City leaders say they have been working for the past two years to cut expenses while maintaining services and avoiding layoffs. They expect the Rookwood Exchange and other planned developments to help lift the city out of its crisis.
The primary reminders of the eminent domain controversy are the three two-story buildings, standing like solitary soldiers of a defeated army on the Rookwood Exchange property.
The other 66 houses and businesses have been torn down. But the fate of the three remaining properties won't be decided until the Ohio Supreme Court makes its final ruling in the case.
For this election, City Council has been reduced from nine seats to seven because of Norwood's declining population. There are three at-large seats and four ward seats. There had been six ward seats.
Betty Howard, an independent challenger trying to unseat Democrat Will DeLuca in Ward 3, said the eminent domain issue caused her to run for council.
"One of the current council members seeking re-election said on the council floor that the only way for residents to protect their properties from being taken by eminent domain for private development is to elect council members who won't vote for it," Howard said. "That's one of the big reasons I'm running for City Council in Ward 3. I won't vote for it."
But Brigid Kelly, a Democratic challenger running against Republican incumbent Cassandra Brown in Ward 2, said she doesn't view eminent domain as an issue in her race. "I have some personal reservations about the way eminent domain was used," she said. "But a lot of voters are concerned about the financial state of the city."

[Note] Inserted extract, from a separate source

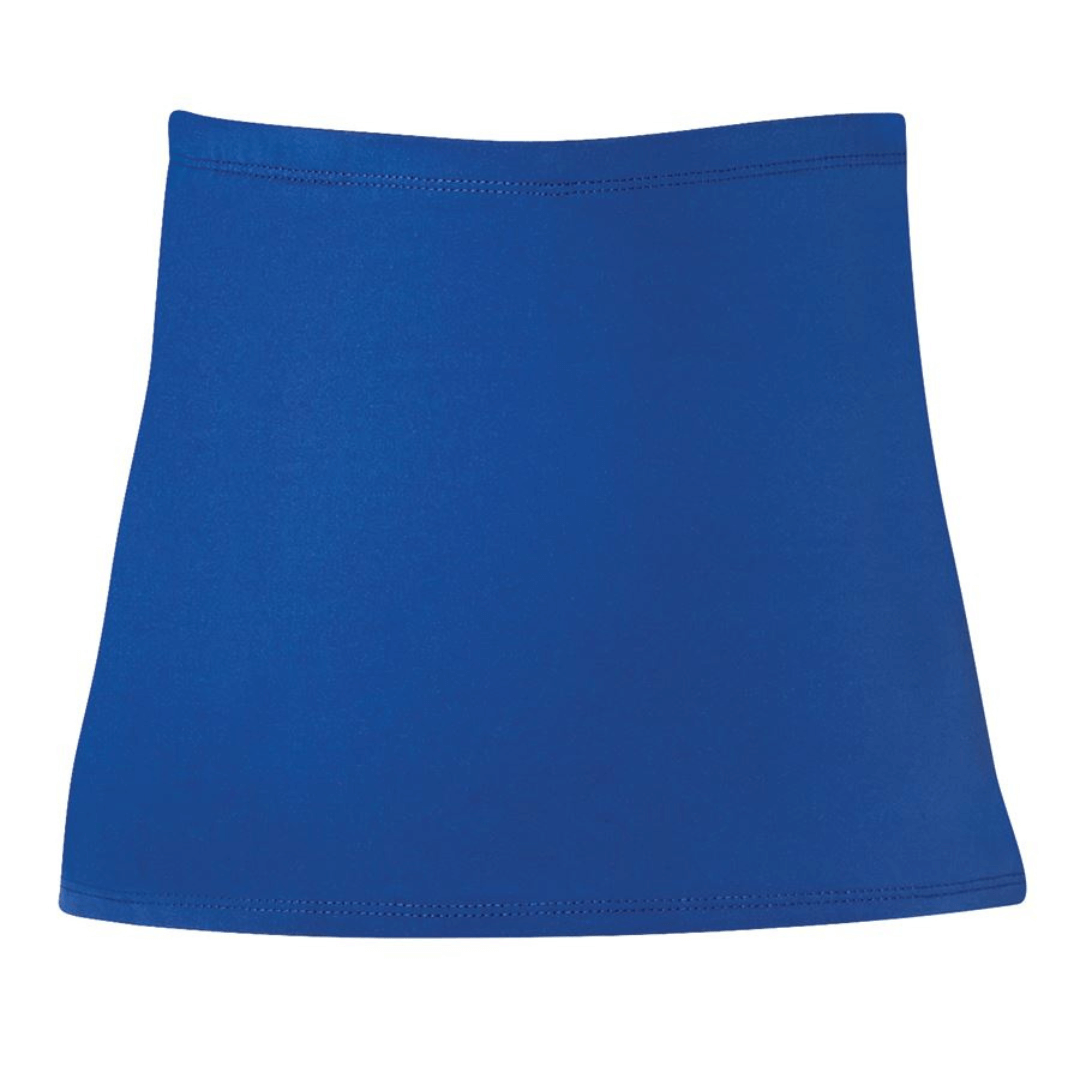 For active girls playing sport or heading back to school, these skorts are a comfortable alternative to skirts or shorts. What is a skort? A skirt with built in shorts!! Clever, huh? Plus this particular style features a hidden utility pocket at the waist. Colour is Royal Blue, Front View.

Former mayor Victor Schneider, a GOP challenger for an at-large seat, and Todd Tittle, a Republican challenger against Democrat John Mumper in Ward 4, also say eminent domain isn't a big issue any more.
Schneider commented instead on the breakdown of council members by party. Mayor Tom Williams and seven of nine council members are Democrats. In the previous regime, Republicans dominated. "Citizens in Norwood can see where having one party with complete power is not the best way to run the city," Schneider said.
Melissa Miller, 33, who lives near I-71 on Avilla Place, said she's more concerned about safety in schools, recreation for children and street repairs than eminent domain.